Multimodal Misalignment: Architectural, Representational, and Scaling Obstacles

The extension to multimodal LLMs is shown to amplify, rather than eliminate, existing text-only failures. The incorporation of vision and audio encoders into LLM backbones leads to multiple new forms of bottleneck, including:

• Textual Dominance: Projected visual tokens are structurally and statistically overwhelmed by pretrained language representations. Backpropagated gradients with respect to visual features are orders of magnitude smaller than for text, yielding text-centric optimization and representational hegemony.
• Alignment Noise and Semantic Drift: Vision encoders retain co-occurrence statistics from their contrastive pretraining, not true perceptual structure, introducing semantic drift and anchoring errors at scale.
• Fusion Bottlenecks and Quantization Artifacts: Cross-modal attention's quadratic cost leads to pooling, patching, or vector quantization, introducing lossy compression and collapsed codebooks.
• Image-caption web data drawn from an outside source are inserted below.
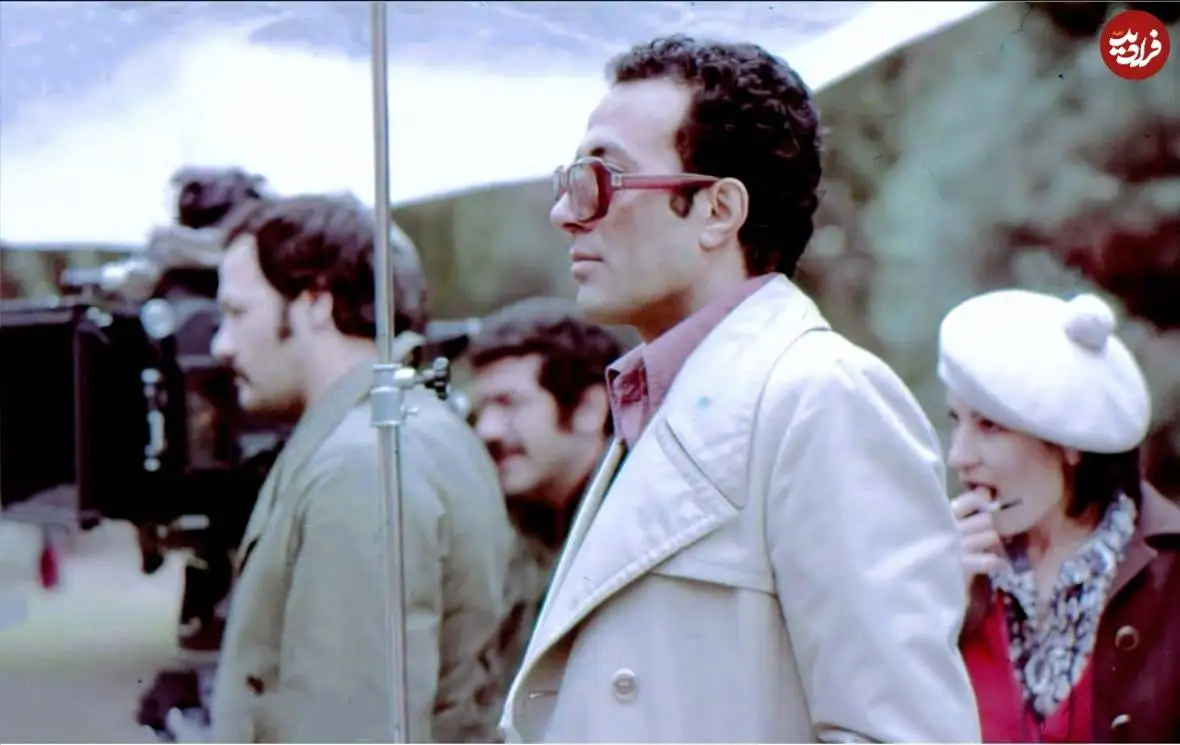 عکس؛ سفر در زمان؛ «عباس کیارستمی» در پشت صحنه فیلم گزارش؛ سال 1355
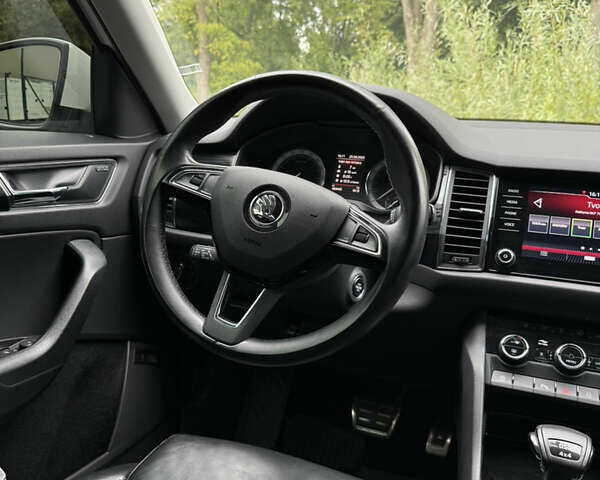 Белый Шкода Kodiaq, объемом двигателя 1.97 л и пробегом 164 тыс. км за 29990 $, фото 15 на Automoto.ua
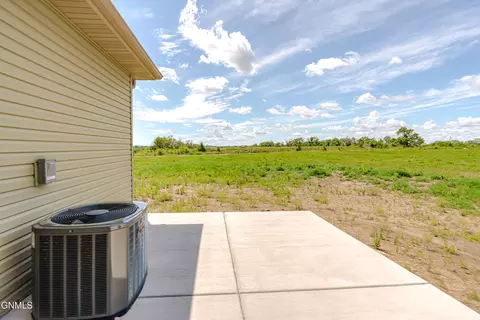 Exterior - 5531 Holmes Dr, Bismarck, ND 58504 photo 5 of 7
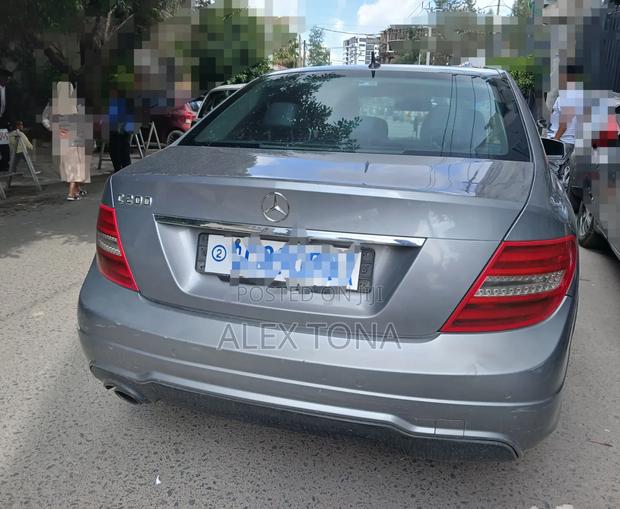 Mercedes-Benz C180 2012 Gray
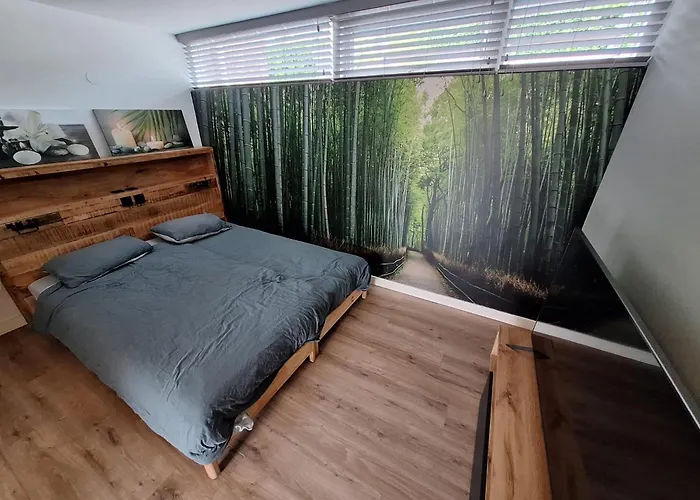 아파트 Beautiful Close To Sea Life 51a *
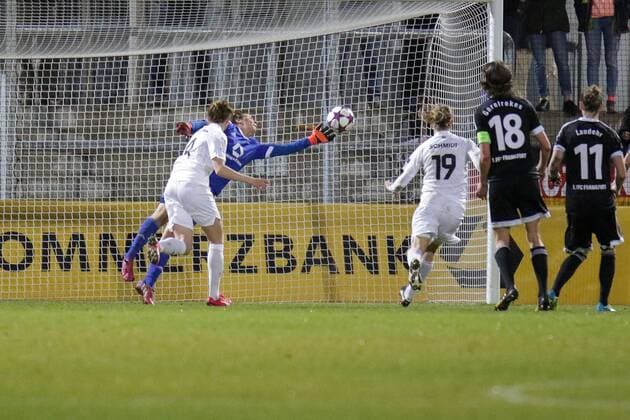 Glanzparade Anne-Kathrine Kremer (Torwart, Frankfurt, 30) nach Kopfball Emma Berglund (Rosengard, 4), Fussball, UEFA Women s Champions League, 1. FFC Frankfurt - FC Rosengard (Schweden), xozx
The resulting information bottleneck sharply delimits the mutual information between input modality and downstream reasoning.
• Scaling Anti-Synergy: Multimodal scaling law exponents are shown to be bounded by, and often inferior to, unimodal exponents; increasing model or data size can hurt aggregate performance if inter-modality scaling is imbalanced.

Collectively, these limitations expose the illusion of grounding in modern MLLMs and argue for architectures that provide external, neurosymbolic reasoning components, or embodied data, rather than larger fusion models.

Benchmarking Limitations and Implications for Progress

The work emphasizes that current leaderboards and evaluation frameworks systematically obscure these ceilings via data contamination, judge bias, compute inflation, and protocol idiosyncrasy. Improved scores can result from memorization, verbosity, or favorable prompt framing, rather than fundamental advances. Consequently, headline gains may reflect evaluation artifacts rather than genuine progress towards overcoming theoretical limits.

Practical Implications and Future Directions

The authors advocate a paradigm shift: reliable language modeling is fundamentally an exercise in bounding and allocating inevitable failure. This calls for selective prediction (calibrated abstention), confidence-aware evaluation, benchmark design that rewards uncertainty over confident error, and architectures that integrate external verification, constraint satisfaction, or selective modality fusion. The formal ceilings derived here render certain error rates intrinsic and invite work to move from existence proofs and pessimistic impossibility to practical bounds, system-level mitigations, and quantification of where and how models are likely to fail.

Conclusion

"On the Fundamental Limits of LLMs at Scale" provides a rigorous, proof-informed synthesis of why key reliability failures persist under scale. By unifying impossibility results from computability, information theory, and statistical learning, it reframes scaling as an enterprise necessarily bounded by intrinsic computational and epistemic ceilings. The implications are broad: future progress lies in quantifying, predicting, and managing fallibility through theoretically minded architectural innovation, confidence-aware benchmarks, and selective, calibrated system design—not in pursuing a mirage of infallibility via unbounded scale (2511.12869).